O surgimento de cafés e sorveterias que vendem opções mais elaboradas de sorvetes também não parece abalar a confiança do comerciante, que hoje atua apenas na produção, das 7h ao meio-dia — do meio-dia à meia noite, horário em que a Joia funciona, quem comanda os trabalhos é o filho Luís Fernando. Ele acredita que o diferencial de seu negócio é oferecer um bom produto a preço acessível — há opções a partir de R$ 4 — e contar com a fidelidade da clientela.
— O meu tipo é de povão. O preço, quantidade. As pessoas gostam, voltam, tem clientes que vêm desde que abriu. E sorvete é um dos alimentos que nunca enjoa. É que nem arroz e feijão — defende.

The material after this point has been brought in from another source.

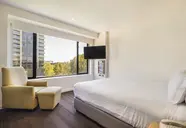 Crowne Plaza (Canberra)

"É uma sorveteria old school", diz cliente
Se não dá para dizer que Eduardo Maso Viegas, 39 anos, come sorvete da Joia desde nasceu, não seria errado falar que é cliente da casa desde que se conhece por gente. Morador do prédio onde está instalada a sorveteria, ele frequenta o local desde a infância por conta dos avós, antigos moradores do apartamento onde vive há cerca de seis meses.
— A gente vinha visitar o vô e comia sorvete na Joia. Eu gostava bastante do de pistache. Até hoje, é um dos que eu mais gosto — recorda o técnico em hidrologia.
A percepção do antigo cliente confirma a impressão que se tem ao entrar na tradicional sorveteria: pouco mudou no lugar aonde forjou parte de suas memórias de infância.
— Acho um clima bem retrô, porque ele não muda muito as coisas. O sorvete não é tão elaborado, mas é bem igual ao que era: saboroso, como sempre foi — avalia.
O atendimento ágil e o bom preço, para ele, são outros atrativos que mantêm a clientela fiel à Joia. E a fidelidade do dono à proposta inicial é motivo de admiração na vizinhança.
— Acho que agrega valor ao bairro, pelo histórico, por tudo que aconteceu aqui. Enquanto vários migraram, ele não apelou para vender cerveja. Segue na sua linha, investindo no mesmo ramo. É uma sorveteria old school — acrescenta.